Holding BUMN Tambang Digadang Tembus Fortune 500

Giras Pasopati | CNN Indonesia
Selasa, 05 Des 2017 17:32 WIB
Fortune 500 Global Company adalah daftar 500 perusahaan dunia yang memiliki pendapatan kotor terbesar.
Fortune 500 Global Company adalah daftar 500 perusahaan dunia yang memiliki pendapatan kotor terbesar. (CNN Indonesia/Adhi Wicaksono)
Jakarta, CNN Indonesia -- Pemerintah menargetkan holding Badan Usaha Milik Negara (BUMN) industri pertambangan yang baru saja dibentuk bisa masuk ke dalam Fortune 500 Global Company.

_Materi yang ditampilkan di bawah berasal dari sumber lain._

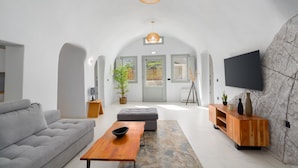 A modern living room with a grey sofa, wooden coffee table, and a TV mounted on a stone wall.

Fortune 500 Global Company adalah daftar 500 perusahaan dunia yang memiliki pendapatan kotor terbesar. Daftar tersebut dirilis oleh Fortune, media yang berfokus di korporasi dan ekonomi.

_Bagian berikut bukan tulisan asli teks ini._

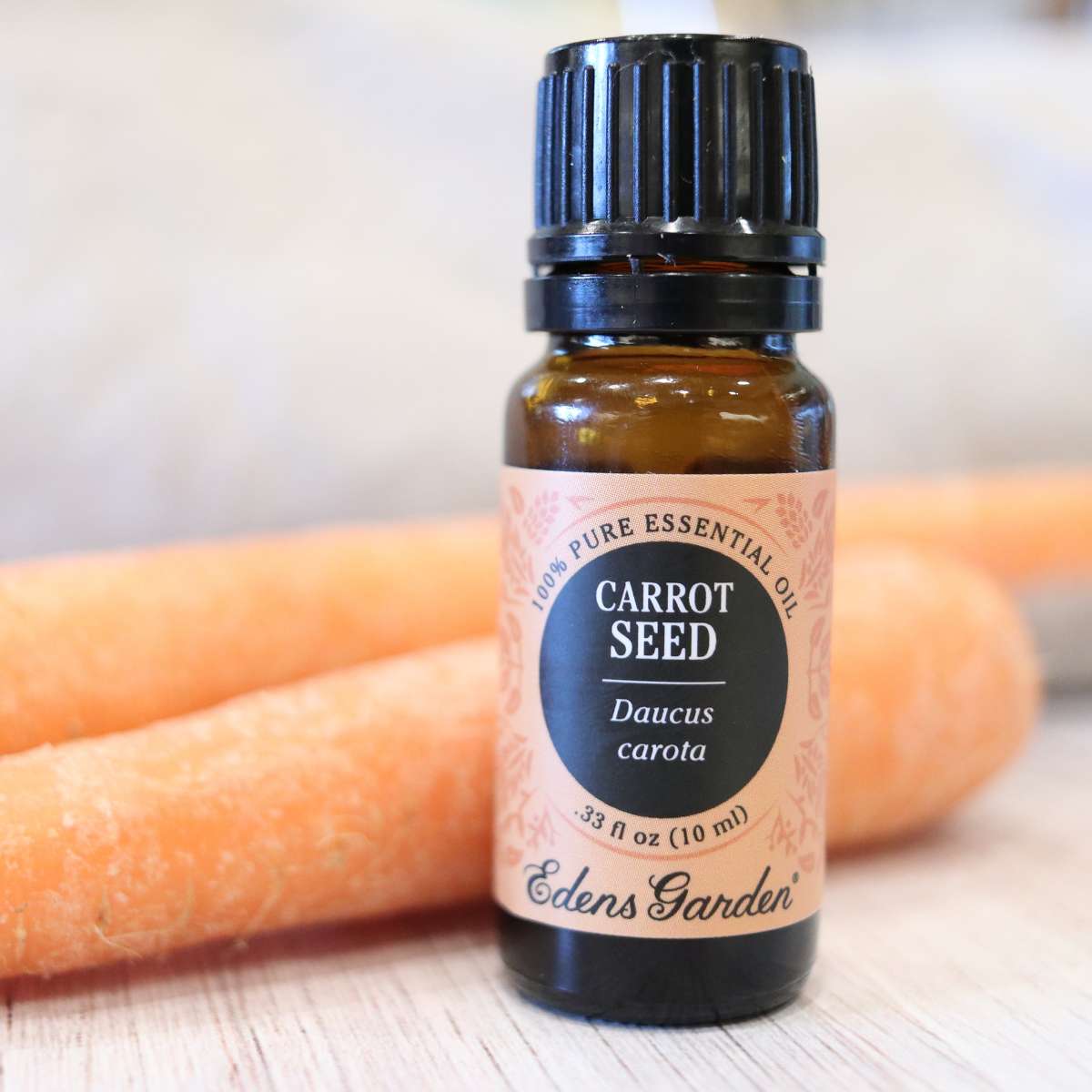 A bottle of carrot seed essential oil with a pale orange wrapper sitting on a table. Two brightly colored orange carrots can also be seen in the picture.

Holding BUMN industri pertambangan resmi dibentuk pekan lalu dengan PT Indonesia Asahan Aluminium (Inalum) menjadi induk perusahaan (holding) BUMN Industri Pertambangan, serta PT Aneka Tambang (Antam) Tbk, PT Bukit Asam Tbk, dan PT Timah Tbk, menjadi anak perusahaan (anggota holding).

ADVERTISEMENT

SCROLL TO CONTINUE WITH CONTENT


Pembentukan holding BUMN industri pertambangan itu ditandai dengan ditandatanganinya akta pengalihan saham seri B oleh Rini.

Pengalihan saham terdiri atas PT Aneka Tambang (Antam) Tbk sebesar 65 persen, PT Bukit Asam Tbk sebesar 65,02 persen, PT Timah Tbk sebesar 65 persen, serta 9,36 persen saham PT Freeport Indonesia yang dimiliki pemerintah kepada PT Inalum (Persero).

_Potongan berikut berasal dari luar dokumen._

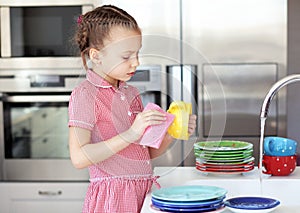 Little girl washing the dishes photo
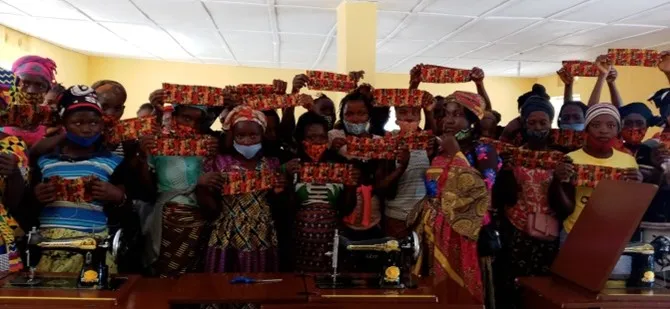 Teachers and students with sewn masks.
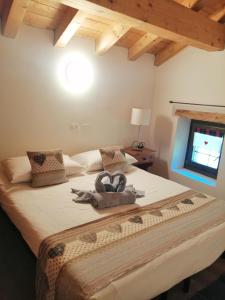 a bedroom with a bed with a bow on it at Casa Alpina San Luigi in Campodolcino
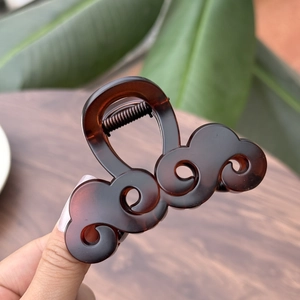 Dettaglio del fermaglio per capelli tartarugato marrone scuro con eleganti motivi a onde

"Selama ini BUMN Pertambangan memiliki keterbatasan kemampuan pendanaan untuk melakukan investasi," katanya dalam keterangan resmi, Selasa (5/12).

Ia menilai, pembentukan holding BUMN industri pertambangan ini akan meningkatkan kapasitas usaha dan pendanaan, pengelolaan sumber daya alam mineral dan batubara, peningkatan nilai tambah melalui hilirisasi dan meningkatkan kandungan lokal, serta efisiensi biaya.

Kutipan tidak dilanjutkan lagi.